So why a pair? Well I got the idea when I made my bench hook/mini shooting board combo. When making them I ensured the combined thickness of the base and upper boards of the shooting board were equal to the thickness of the bench hook‘s base board. Now when sawing longer stuff the mini shooting board acts as a support for the end that isn‘t on the bench hook, and vice versa when the shooting board’s in use. They make a very handy duo, and well worth making IMO.



 

 

 



In time I’ll probably set up the new boards to be held on the bench in a similar way, and so the same useful additional support feature will be available for them too. Will it work? Dunno until I’ve tried it, do I?  All together now; *it’s not the science of rocketry* :wink:





Hope that helps a bit, or if not at the very least it might get the not-sures to take a shot at it if only to say "hey, that's all wrong".  This is easily the most basic, simple slab-type of board, but you could get all fancy with sloping boards, adjustable stops, donkey's ear varieties etc etc. The shooting board world is the mollusc of your choice. I now open the floor to anyone who wants to tell me all the important points I've missed. Once you've done that maybe eventually we'll end up with a useful article! :lol:

Cheers, Alf

All written out for the time-being. :shock:


----------



## Adam (24 Feb 2005)

Lovely. cheers ALF - just what I wanted!!!

Adam


----------



## Chris Knight (24 Feb 2005)

Alf,

Excellent stuff as usual!

One thing that can be irritatingly difficult is to fix two bits of wood at an exact right angle as in the fence for this shooting board. I have found it helpful to use the following method if not using the housing method.

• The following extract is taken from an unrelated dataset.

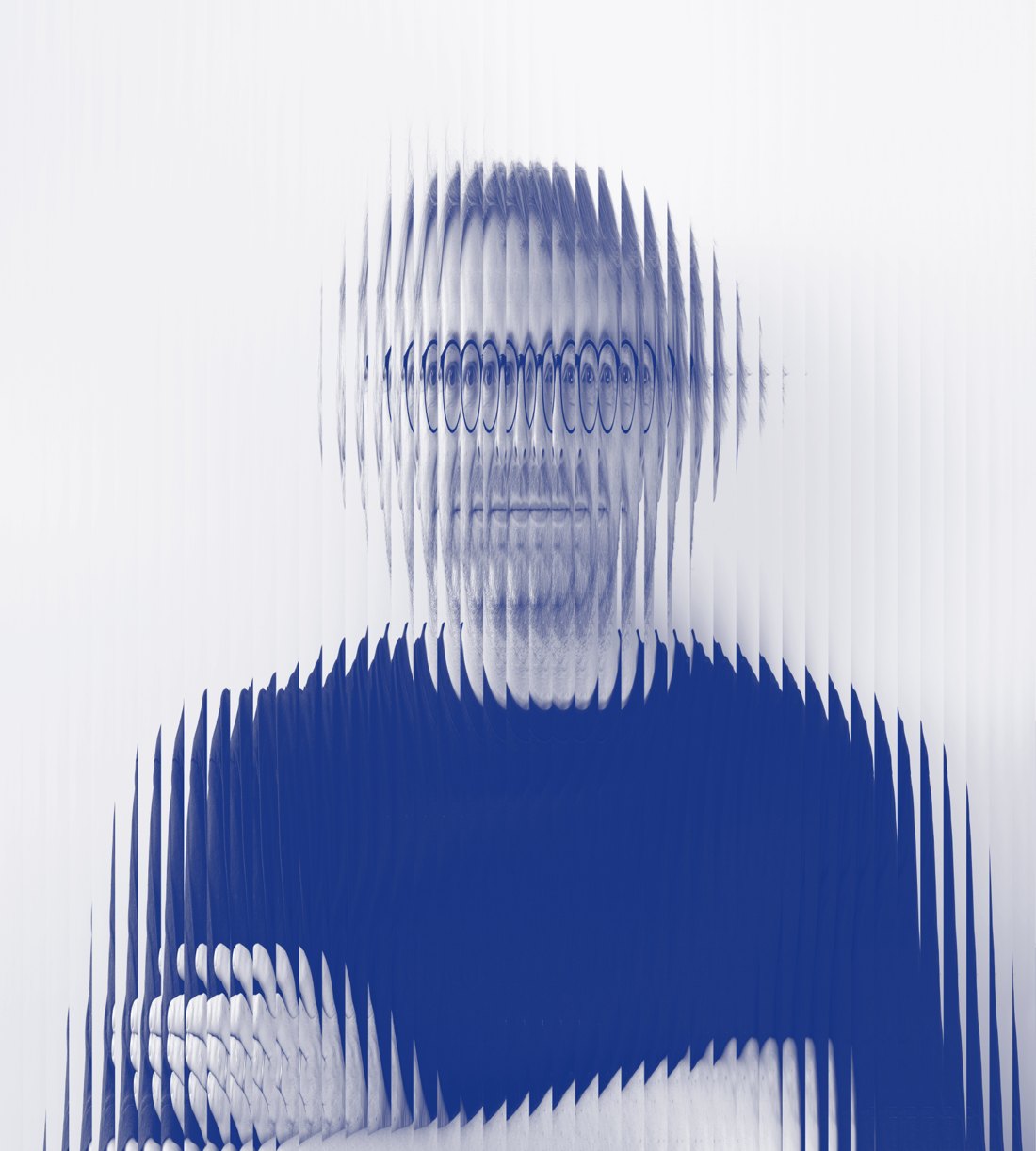 Marco Livi, founder di Specula Future Crafting, ritratto frammentato in blu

Get the fence in approximately the correct right angled position and fix one end with a screw. Then using your square, swivel the fence so that it is exactly a right angles. If you have a nail gun, use it to shoot a couple of nails into the base board at this point. Otherwise, clamp the fence and board together and check again for square. Use a hammer to tap it square if it has shifted. Then screw the free (but clamped end to the base board. Remove screws, glue and rescrew, checking for square again.

Do remember to drill clearance holes for the screws in the fence (by all means make them a snug fit but you don't want the screws bridging the fence and baseboard if you use full threaded screws.

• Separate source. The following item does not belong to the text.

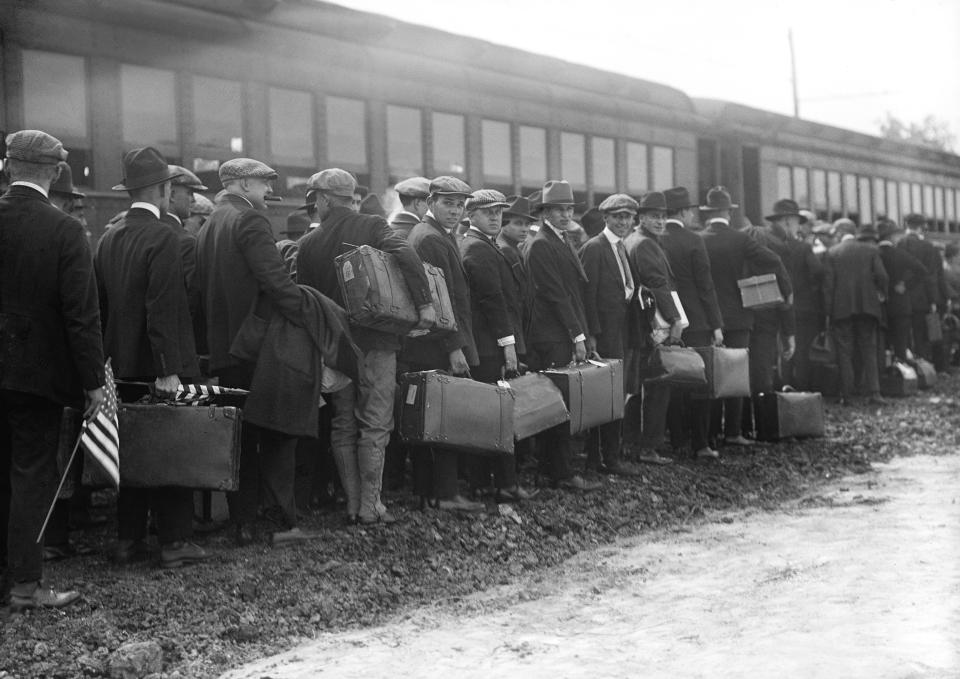 Drafted men arrive at Camp Meade in Maryland in 1917.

When the glue has dried and the fence is still not square you can get out your shoulder plane and take small amounts off the appropriate spot or use Post-It notes to compensate!


----------



## Anonymous (24 Feb 2005)

Very nice LAf and the drawings convey the info very nicely thankyou :wink: 

I have made ahem, a few 90 degree shooting boards pretty much as you posted here, just need to finally get around to copying your 45 degree idea.

Thanks for the excellent guide


----------



## Alf (24 Feb 2005)

D'you know, I actually did the whole one screw swivel thing and never even thought to mention it.  Kind of assumed that might be an egg to far maybe...

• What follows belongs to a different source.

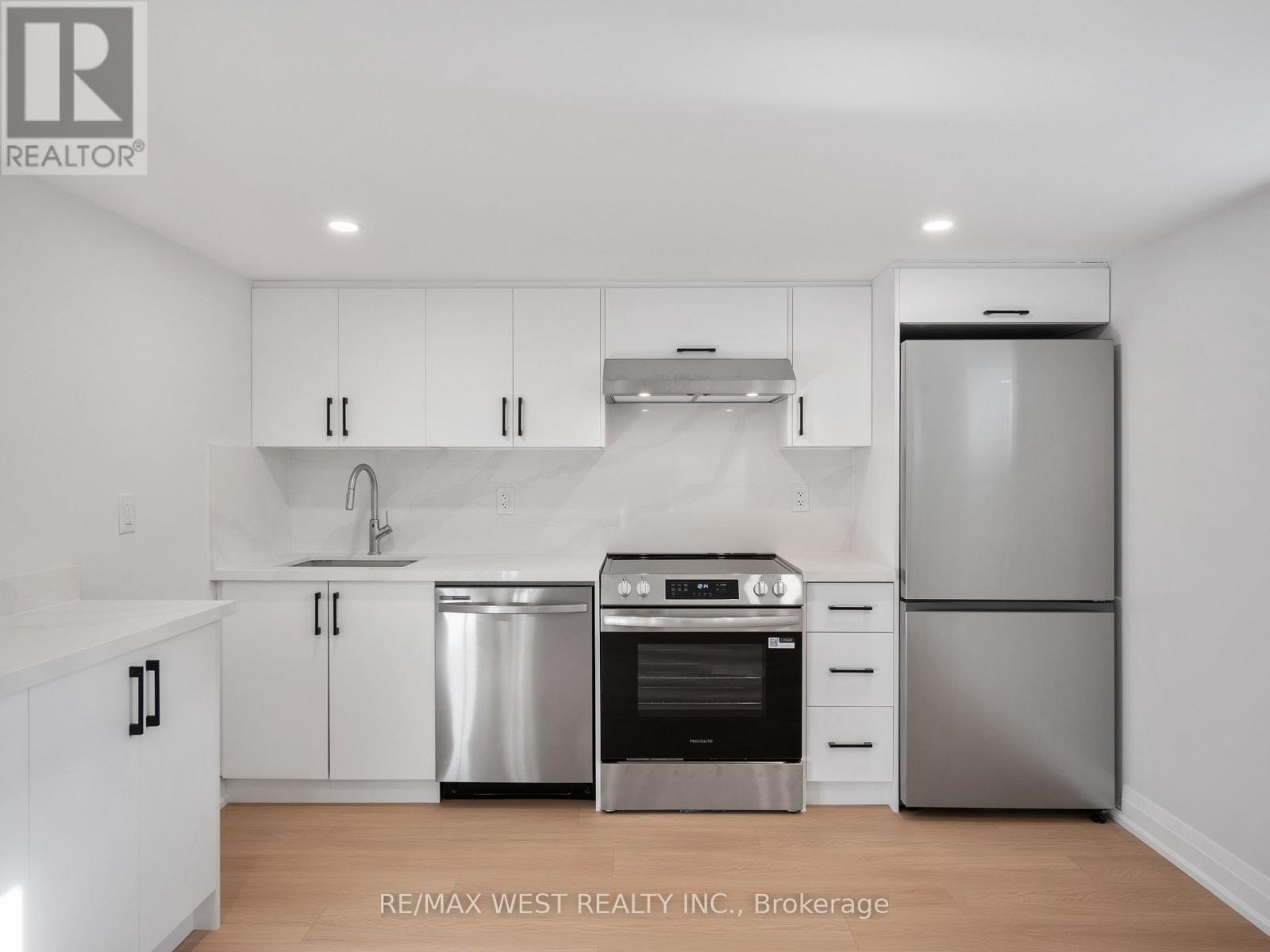 24 Appledale Road, Toronto, Ontario  M9B 5G4 - Photo 35 - W12608156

waterhead37":2u0kfyc3 said:


> Do remember to drill clearance holes for the screws in the fence (by all means make them a snug fit but you don't want the screws bridging the fence and baseboard if you use full threaded screws.


Yep, another good one. I also put a wee countersink on the reverse side of the holes in the ply, just to take up any "blow out" of the ply caused by the entry of the screw. Otherwise it can prevent the two layers being pulled tightly together. If that makes any sense. Anyway, it's proved to be worth doing so I tend to do it all the time now.

Cheers, Alf

P.S. Tony, you 'aving a Laf? :wink:


----------



## Chris Knight (24 Feb 2005)

Alf,

I think in this kind of article you have to assume no-one is a Granny yet..


----------



## Alf (24 Feb 2005)

Tsk. I'll be had up for ageism... :roll: 

Cheers, Alf


----------



## J.A.S (24 Feb 2005)

Alf,

many thanks for going to such trouble. Yours is the best description of making shooting boards that I've ever seen .

However, my brain is rather fogged today. Thus, I shall be puzzling over "the thickness of the upper board that the sole of the plane runs against must be greater than the thickness of the sides of the plane" for a few moments  .

Thanks again: it really is very kind of you to do all that for the rest of us.

Jeremy


----------



## J.A.S (24 Feb 2005)

Got it, now.   

All that expensive education, and yet it takes me 10 minutes, a cigarette and a slurp of coffee to work out something so simple.  

Thanks again, Alf.

JS


----------



## Waka (24 Feb 2005)

Alf

Very good description,knew I was going wrong somewhere.


----------



## Alf (24 Feb 2005)

jas":20zatqij said:


> All that expensive education, and yet it takes me 10 minutes, a cigarette and a slurp of coffee to work out something so simple.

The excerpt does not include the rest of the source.